Kepala Seksi Intelijen Kejari Kolaka Bustanil Arifin di Kolaka, Kamis, mengatakan penyelamatan keuangan negara tersebut diperoleh melalui proses penyidikan dan eksekusi uang pengganti.
Pada tahap penyidikan, kata dia, Kejari Kolaka berhasil menyelamatkan kerugian keuangan negara sebesar Rp788,5 juta ditambah Rp75 juta dari eksekusi uang pengganti.
Ia menjelaskan dana yang diselamatkan berasal dari tiga perkara korupsi, yakni pertama, penyitaan pada perkara korupsi pekerjaan swakelola pembangunan jembatan beton Desa Lere Jaya, Kecamatan Lambandia, serta rehabilitasi jembatan Sungai Alaaha, Desa Alaaha, Kecamatan Ueesi, pada Badan Penanggulangan Bencana Daerah (BPBD) Kolaka Timur tahun anggaran 2023 sebesar Rp162,5 juta
Kedua, penyitaan dalam perkara korupsi kegiatan belanja pengadaan bibit kopi robusta pada Dinas Perkebunan dan Hortikultura Kolaka Timur tahun 2021 dengan nilai Rp626 juta.
Ketiga, berasal dari perkara korupsi perencanaan, pengawasan, dan pelaksanaan pekerjaan rehabilitasi jaringan irigasi daerah Mowewe oleh Dinas Pekerjaan Umum, Penataan Ruang, dan Perhubungan Kolaka Timur tahun anggaran 2020 dan 2021 sebesar Rp75 juta.
Selain itu, Bustanil menyampaikan sepanjang tahun 2025 Kejari Kolaka telah menangani 23 perkara tindak pidana khusus, terdiri atas tujuh perkara penyelidikan, enam penyidikan, lima penuntutan, dan lima perkara yang telah dieksekusi.
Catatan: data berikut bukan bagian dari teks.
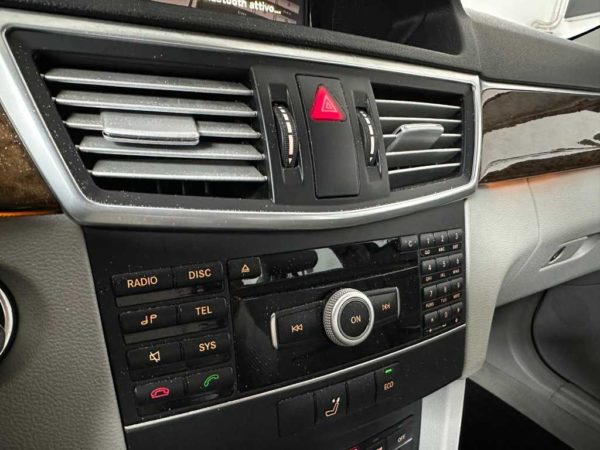 mercedes-benz-vi-classe-e-w212-berlina-200-cdi-be-elegance-fl-sku88892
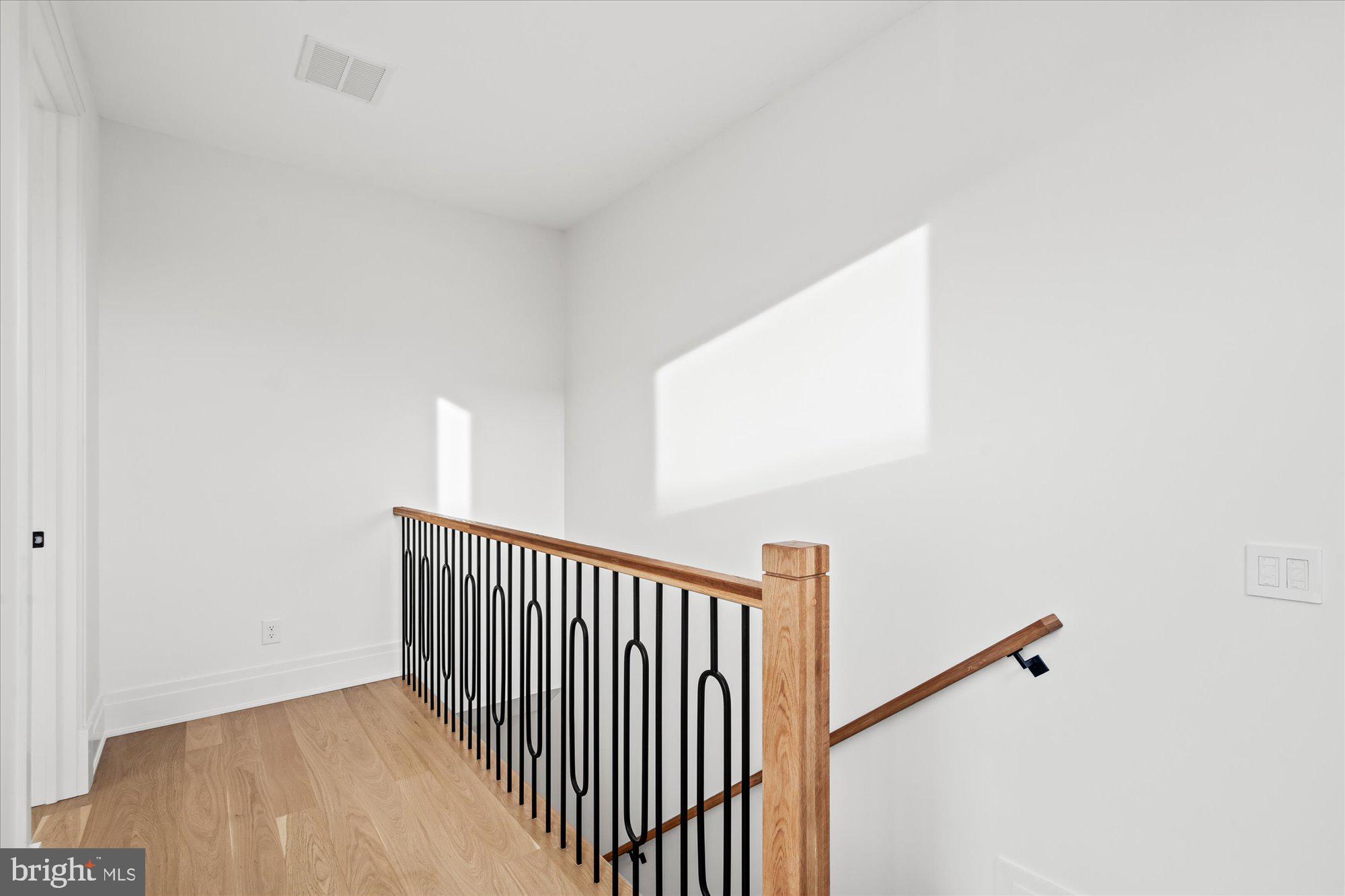 Real estate listing preview #89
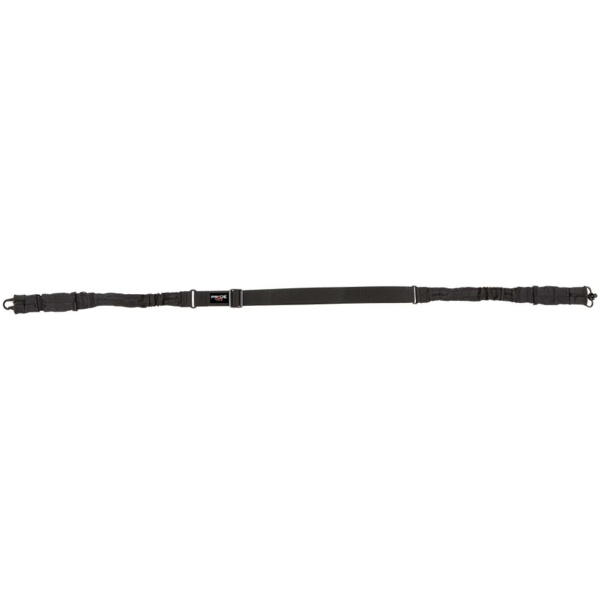 CITADEL SINGLE/ DOUBLE POINT SLING W/ QD SWIVEL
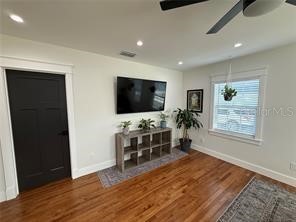 6007 N Central Avenue Tampa FL 33604 TB8502163 image13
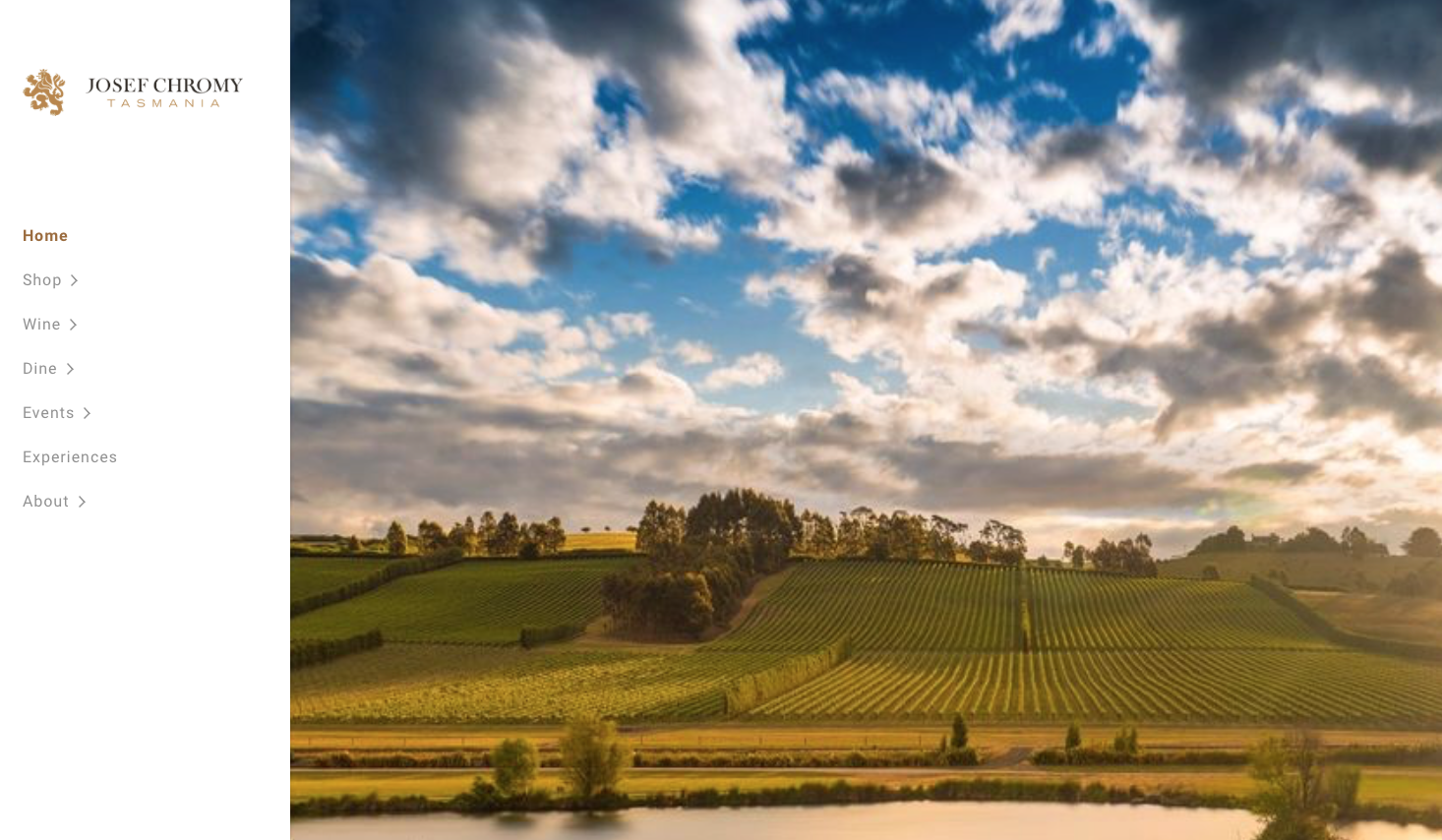 Screen-Shot-2023-04-25-at-51608-pm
Ia mengatakan capaian tersebut merupakan hasil dukungan berbagai pihak dalam upaya penegakan hukum di wilayah hukum Kejari Kolaka.
“Capaian ini mencerminkan komitmen Kejari Kolaka dalam menjaga akuntabilitas serta mewujudkan tata kelola pemerintahan yang bersih dari praktik korupsi,” ujar Bustanil Arifin.(ds/ono)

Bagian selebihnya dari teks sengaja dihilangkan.